Edge effects in the parallel plate capacitor.

Electricity and Magnetism Level 5

As we know, the simplest capacitor, consists of two conductive plates separated by air (or any other dielectric). If the surface charge density of the plates are $\pm \sigma$ then we know that there is a homogeneous electric field between the plates given by $E=\frac{\sigma}{\epsilon_{0}}$ However, this simple expression for the electric field only works when the dimensions of the plates are much greater than its separation. In addition, the above formula only describes the field correctly at points which are far from the edges of the capacitor. Far from the center of the capacitor, the so-called "edge effects" play an important role and the magnitude of the electric field deviates from $\frac{\sigma}{\epsilon_{0}}$ . In order to verify this, determine the magnitude of the electric field in volts per meter at a point P located at the corner of the capacitor and right between the plates. The surface charge density of the plates is $\sigma= 1~\mbox{nC/m}^{2}$ .

Details and assumptions

$\epsilon_{0}=8.85\times 10^{-12}~\mbox{F}\cdot \mbox{m}^{-1}$

The answer is 28.25.

5 solutions

Maharnab Mitra
Oct 13, 2013

Consider the two plate system as a whole unit.
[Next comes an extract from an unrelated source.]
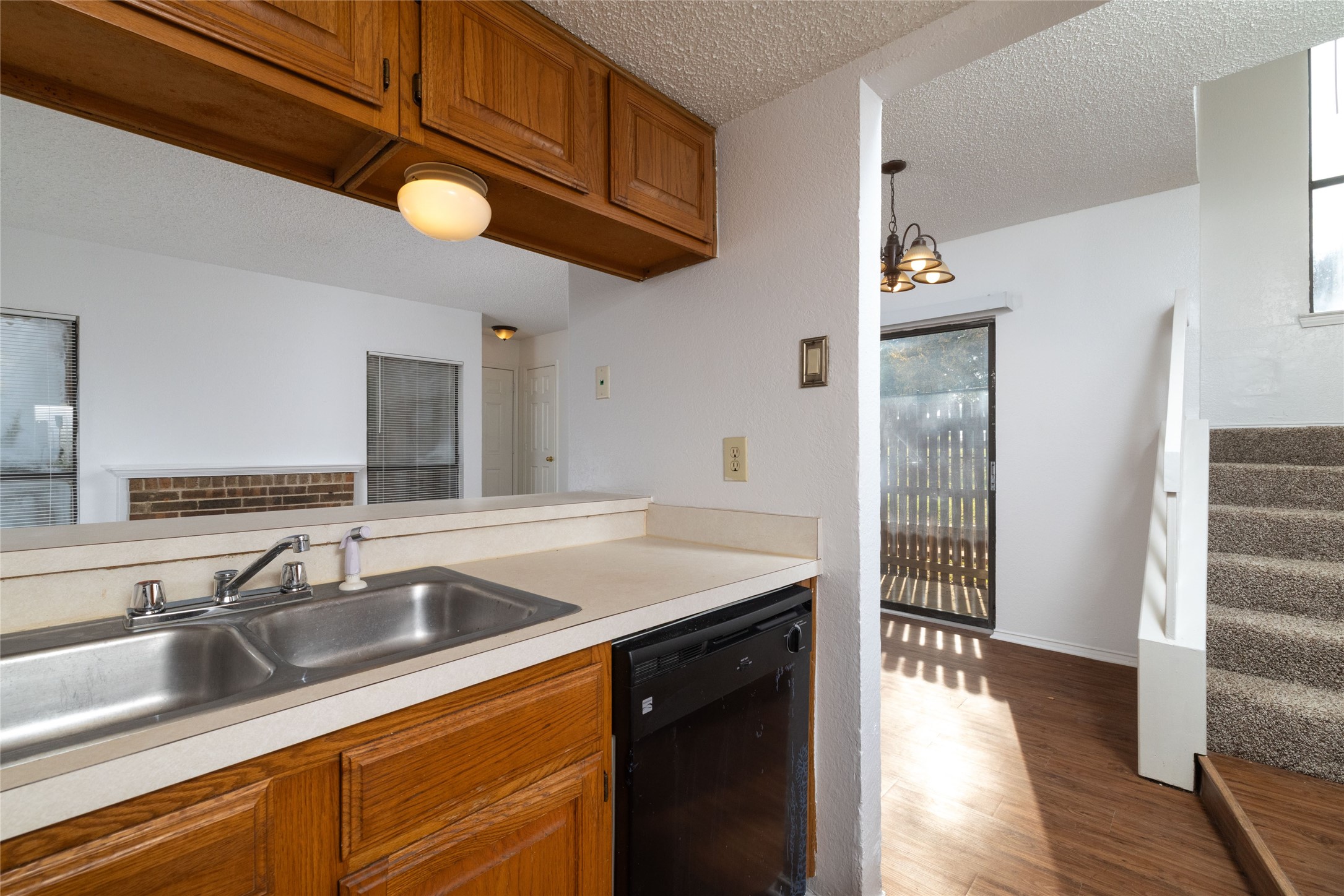 2104 Park Willow Lane Arlington TX 76011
If there were four such units around point P, P would have been the centre of the new bigger capacitor and the electric field at P would have been $\frac{\sigma}{\epsilon_o}$ . As there is only one part present, electric field at P is reduced to $\frac{\sigma}{4 \epsilon_o}$ . Putting in the corresponding values, we get the answer as $28.25Vm^{-1}$ .

Didn't think about this. After thinking that Gauss law is impossible to use, I started integrating. But the integral became too hard so I left it!

Snehal Shekatkar - 7 years, 7 months ago

What will be the electric field at point P if that is two parallel circular plates?

Anjishnu Adhikari - 5 years ago

How will you guarantee that electric field will have no components parallel to plate? If you prove that, then it's fine.

Ananjan Nandi - 2 years, 4 months ago

@Ananjan Nandi right

Danish Javed - 2 years, 2 months ago

Devansh Agrawal
Oct 18, 2013

This question is very simple.

Notice that at position P, if it were an infinite plate, there would be 3 more pairs of plates around it (in the 3 other quadrants)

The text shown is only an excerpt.